#### Data provided

=======

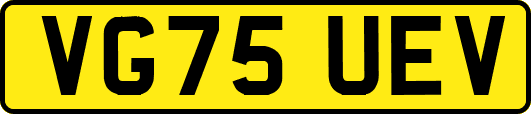VG75UEV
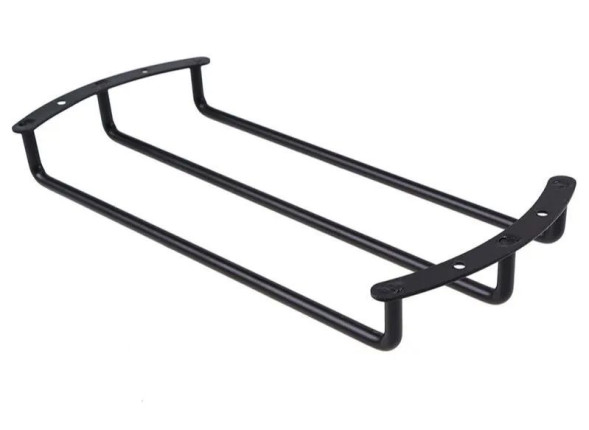 Гриль для сабвуфера 400мм , металл, дуги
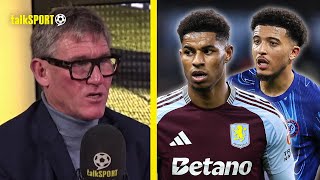 quotHe Cant Deal With Home Truthsquot Simon Jordan SLAMS Sanchos Freedom Comment To Rashford [upl. by Lanette]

=======

#### Problem description
Retype, exactly as written, each line from the one containing "Гриль для сабвуфера 400мм , металл, дуги" through the end of the data above, and leave out every picture.

#### Output of the exercise
 Гриль для сабвуфера 400мм , металл, дуги
 quotHe Cant Deal With Home Truthsquot Simon Jordan SLAMS Sanchos Freedom Comment To Rashford [upl. by Lanette]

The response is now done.